Using whitespace and punctuation as delimiters: This method splits the text into tokens based on spaces and punctuation marks.
Using regular expressions: This method uses a regular expression to define a pattern for tokenizing text.
Using pre-trained tokenizers: There are many pre-trained tokenizers available in different NLP libraries such as NLTK, spaCy and nltk word_tokenize,spacy tokenizer
Using the Treebank tokenizer: This tokenizer is based on the Penn Treebank Project, which uses a set of rules to tokenize text in a way that is similar to how humans would tokenize it.
Using BPE tokenizer : Byte pair encoding tokenizer used for sub-word tokenization.

Code —

from nltk.tokenize import word_tokenize
 
text = "Today is a beautiful day"
t = word_tokenize(text)
 
print(t)

Output —

["Today", "is", "a", "beautiful", "day"]

Stemming

It’s a technique to get to the root form of a word by removing the prefix and suffix of a word.

There are different algorithms for stemming, the most common of which are the Porter stemmer and the Snowball stemmer.
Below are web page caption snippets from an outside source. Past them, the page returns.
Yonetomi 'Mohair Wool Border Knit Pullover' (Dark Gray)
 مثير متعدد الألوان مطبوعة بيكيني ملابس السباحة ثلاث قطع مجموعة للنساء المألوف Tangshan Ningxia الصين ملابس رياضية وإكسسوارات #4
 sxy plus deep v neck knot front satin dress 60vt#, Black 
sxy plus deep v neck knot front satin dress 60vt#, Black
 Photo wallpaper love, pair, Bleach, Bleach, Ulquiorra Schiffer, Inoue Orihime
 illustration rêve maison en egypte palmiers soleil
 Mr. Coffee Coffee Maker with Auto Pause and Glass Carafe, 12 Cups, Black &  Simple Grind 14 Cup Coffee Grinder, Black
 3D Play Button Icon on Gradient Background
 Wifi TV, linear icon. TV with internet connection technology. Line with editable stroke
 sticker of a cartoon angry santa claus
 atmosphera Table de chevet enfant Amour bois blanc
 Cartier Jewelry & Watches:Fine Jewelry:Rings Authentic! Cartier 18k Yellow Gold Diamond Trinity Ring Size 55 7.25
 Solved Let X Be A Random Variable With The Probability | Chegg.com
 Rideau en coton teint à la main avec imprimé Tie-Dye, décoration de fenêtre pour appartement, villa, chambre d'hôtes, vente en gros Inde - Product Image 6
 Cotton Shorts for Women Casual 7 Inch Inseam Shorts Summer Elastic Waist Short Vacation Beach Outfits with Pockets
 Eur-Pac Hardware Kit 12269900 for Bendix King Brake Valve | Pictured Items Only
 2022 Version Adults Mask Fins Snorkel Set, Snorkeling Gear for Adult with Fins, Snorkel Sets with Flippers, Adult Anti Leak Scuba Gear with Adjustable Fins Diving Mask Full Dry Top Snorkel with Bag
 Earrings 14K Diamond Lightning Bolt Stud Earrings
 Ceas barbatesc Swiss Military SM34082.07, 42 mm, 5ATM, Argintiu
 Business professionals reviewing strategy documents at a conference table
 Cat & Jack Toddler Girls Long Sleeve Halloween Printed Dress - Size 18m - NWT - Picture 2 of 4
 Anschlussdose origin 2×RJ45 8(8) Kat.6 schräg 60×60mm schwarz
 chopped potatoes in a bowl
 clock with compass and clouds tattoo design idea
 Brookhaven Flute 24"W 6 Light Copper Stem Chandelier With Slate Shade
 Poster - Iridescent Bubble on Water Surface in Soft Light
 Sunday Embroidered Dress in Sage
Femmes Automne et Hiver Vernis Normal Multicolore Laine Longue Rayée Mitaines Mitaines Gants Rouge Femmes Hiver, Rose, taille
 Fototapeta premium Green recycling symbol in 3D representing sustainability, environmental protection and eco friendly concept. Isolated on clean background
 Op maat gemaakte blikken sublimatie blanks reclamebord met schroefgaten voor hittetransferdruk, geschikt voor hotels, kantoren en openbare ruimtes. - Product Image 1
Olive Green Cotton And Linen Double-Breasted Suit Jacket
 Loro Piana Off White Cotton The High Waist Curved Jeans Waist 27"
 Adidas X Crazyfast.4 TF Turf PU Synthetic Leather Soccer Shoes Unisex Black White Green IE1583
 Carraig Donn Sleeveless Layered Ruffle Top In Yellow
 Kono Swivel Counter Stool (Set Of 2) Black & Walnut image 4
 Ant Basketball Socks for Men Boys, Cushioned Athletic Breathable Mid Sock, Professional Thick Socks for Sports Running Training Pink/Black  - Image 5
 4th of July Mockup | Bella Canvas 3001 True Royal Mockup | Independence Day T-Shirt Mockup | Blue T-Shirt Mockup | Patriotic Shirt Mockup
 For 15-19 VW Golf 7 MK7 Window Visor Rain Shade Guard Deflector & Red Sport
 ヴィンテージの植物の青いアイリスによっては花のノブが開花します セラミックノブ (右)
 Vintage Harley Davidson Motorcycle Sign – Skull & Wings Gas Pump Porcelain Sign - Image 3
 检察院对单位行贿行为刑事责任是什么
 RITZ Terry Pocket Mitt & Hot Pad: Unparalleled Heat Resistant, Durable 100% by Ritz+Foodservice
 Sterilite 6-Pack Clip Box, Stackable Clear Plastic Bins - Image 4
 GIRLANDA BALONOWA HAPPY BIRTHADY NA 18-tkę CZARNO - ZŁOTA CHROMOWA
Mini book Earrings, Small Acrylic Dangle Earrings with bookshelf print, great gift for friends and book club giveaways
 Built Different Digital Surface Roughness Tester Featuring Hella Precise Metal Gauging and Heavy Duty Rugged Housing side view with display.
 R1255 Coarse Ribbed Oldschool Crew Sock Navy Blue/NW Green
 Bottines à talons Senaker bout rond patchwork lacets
The Porter stemmer uses a set of heuristic rules to remove common suffixes from words, such as “ing,” “ed,” and “s.” The Snowball stemmer is based on the Porter stemmer but also supports other languages and has additional features.
Stemming can be useful in NLP tasks such as text classification, information retrieval, and language modeling. By reducing words to their base form, stemming can help to reduce the dimensionality of the text data and make it more manageable. However, it is important to note that stemming can also lead to information loss and errors, as different words may have the same stem but different meanings.
In addition to stemming, there is another technique called Lemmatization which aims to obtain the root word of the token but unlike stemming it uses a dictionary or a morphological analyzer to obtain the root word, this way it is more accurate and less aggressive than stemming.

Code —

from nltk.stem import PorterStemmer
 
tokenized = ["booking", "studying", "jumping"]
 
stemmer = PorterStemmer()
s = [stemmer.stem(token) for token in tokenized]

Output —

['book','studi','jump]

Lemmatization

Another text preprocessing technique using which we reduce the words down to their root forms.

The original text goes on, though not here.